Crawled caption data
========================

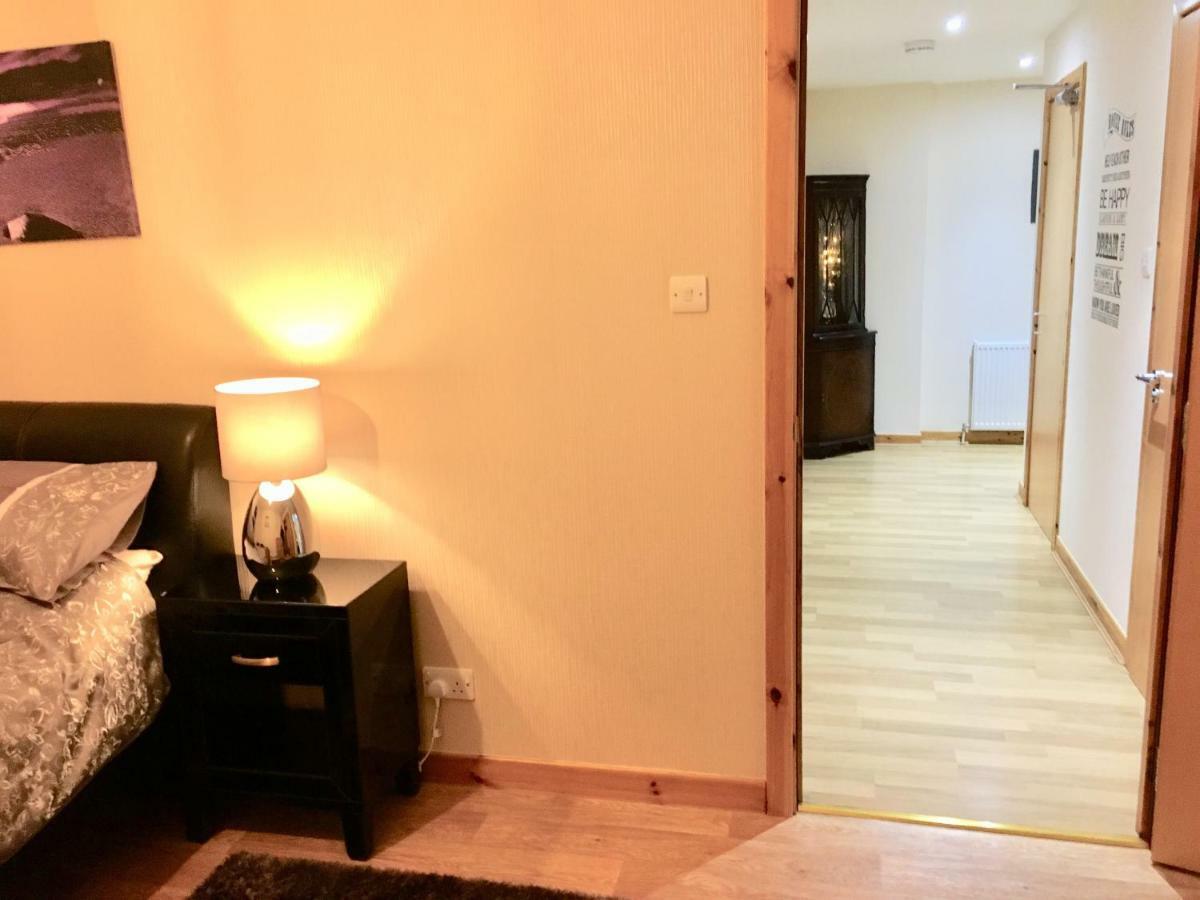 Azim And Suzi'S City Centre Apartment Inverness Exterior foto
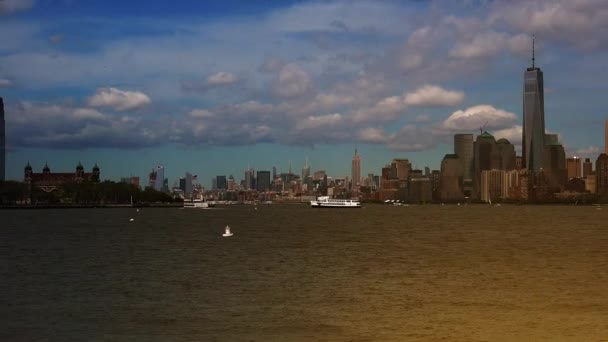 НЬЮ-ЙОРК, около 2017 года: Манхэттен знаменитого парома Стейтен-Айленд ездить панорама Нью-Йорка, Сша, в реальном времени, ультра hd 4k — стоковое видео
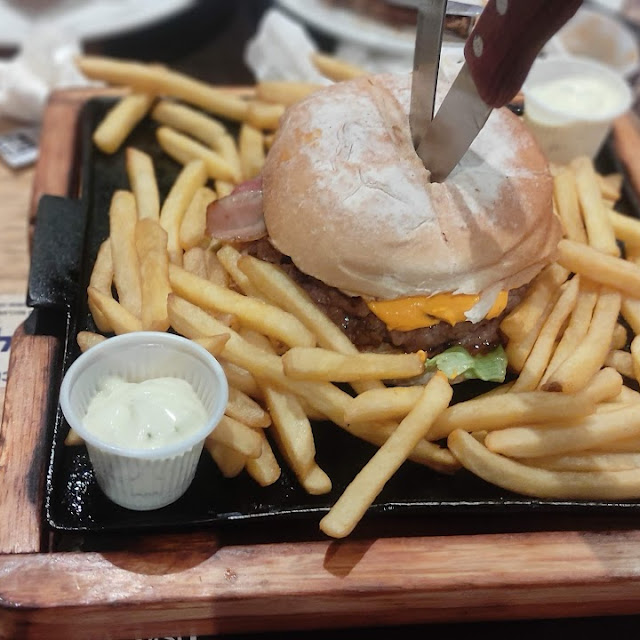 Monster Burger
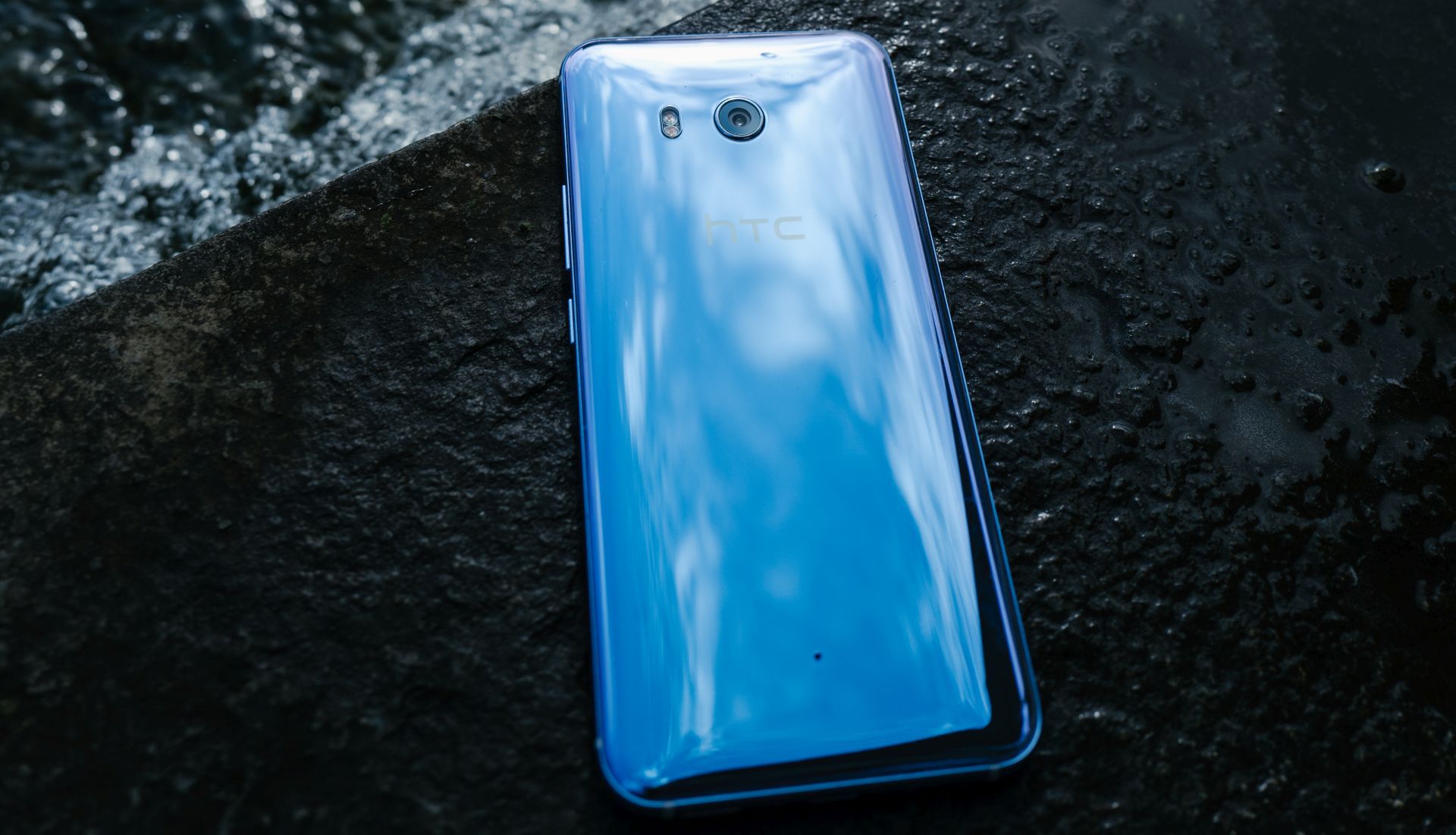 HTC U11 oficjalnie. Świetnie wyposażony flagowiec, który reaguje, gdy ściskasz jego obudowę 3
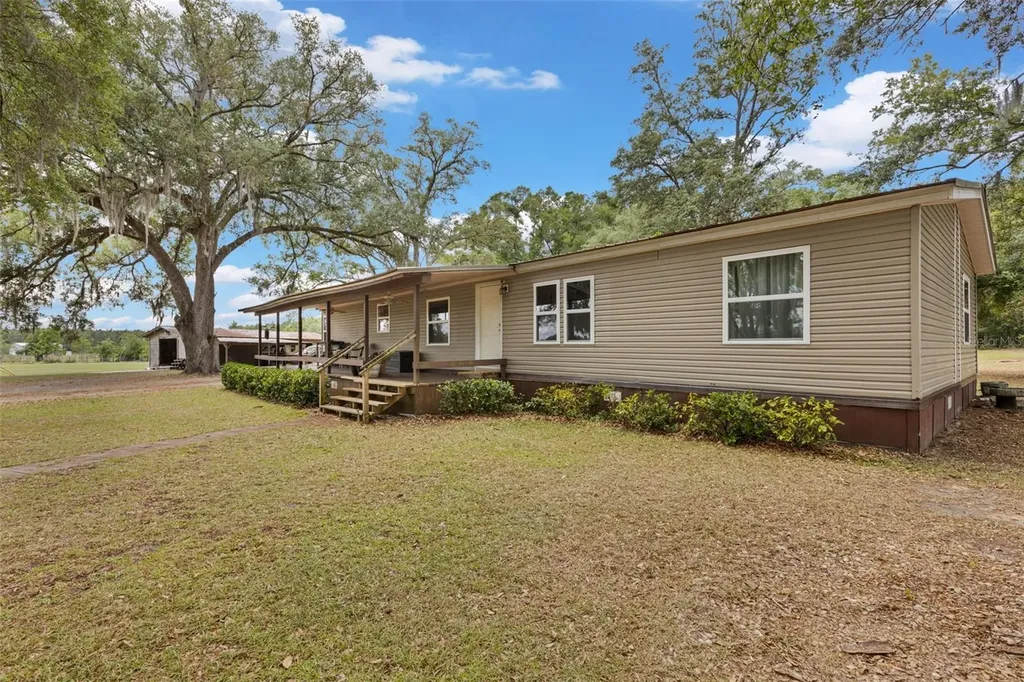 6689 SE 55th Street Trenton FL 32693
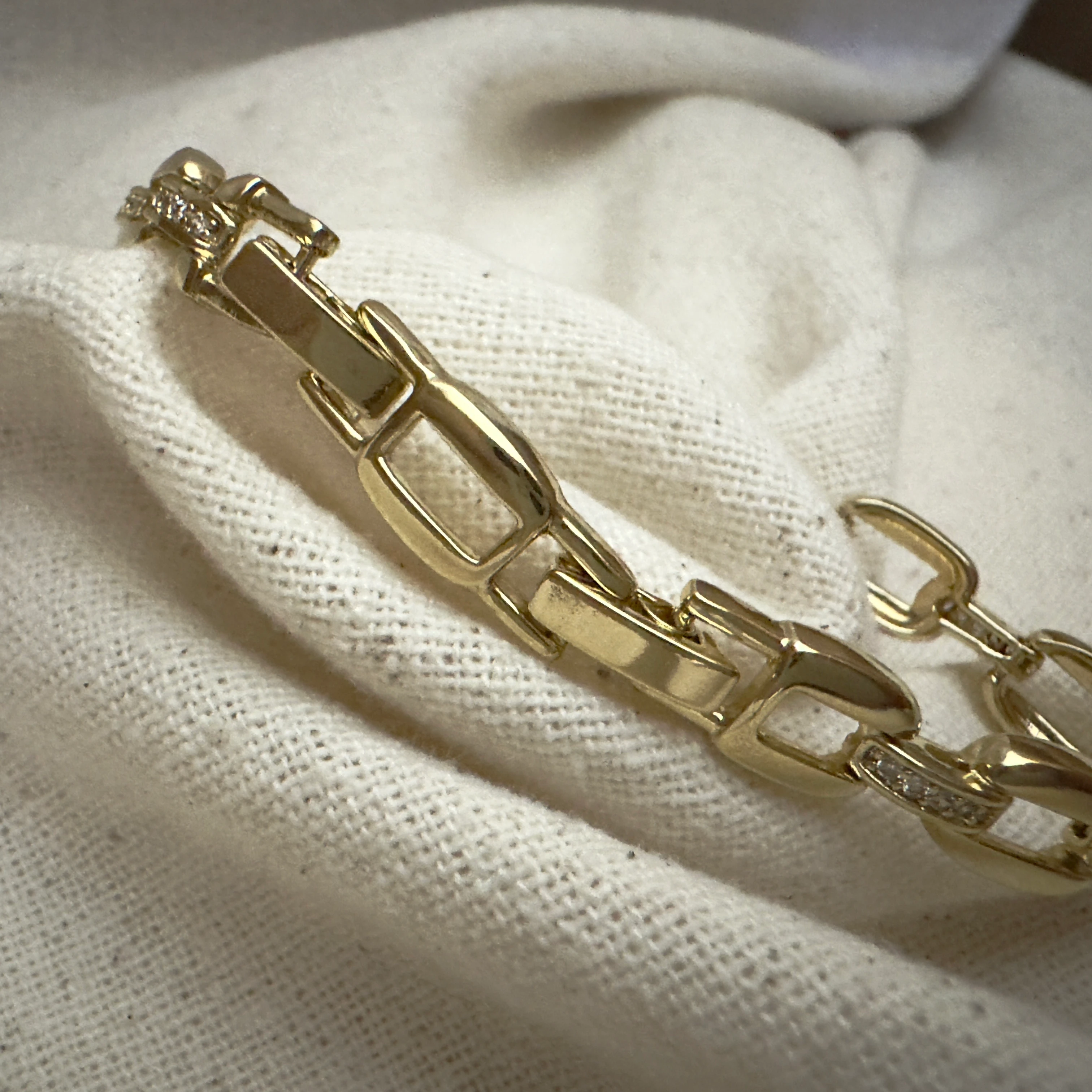 Ara Taşlı Oval Zincir Bileklik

========================

#### Exercise details
With the pictures left out, write out exactly the lines from the line containing "HTC U11 oficjalnie." through the last line of the entries above, both ends included, and no others.

#### Exercise output
 HTC U11 oficjalnie. Świetnie wyposażony flagowiec, który reaguje, gdy ściskasz jego obudowę 3
 6689 SE 55th Street Trenton FL 32693
 Ara Taşlı Oval Zincir Bileklik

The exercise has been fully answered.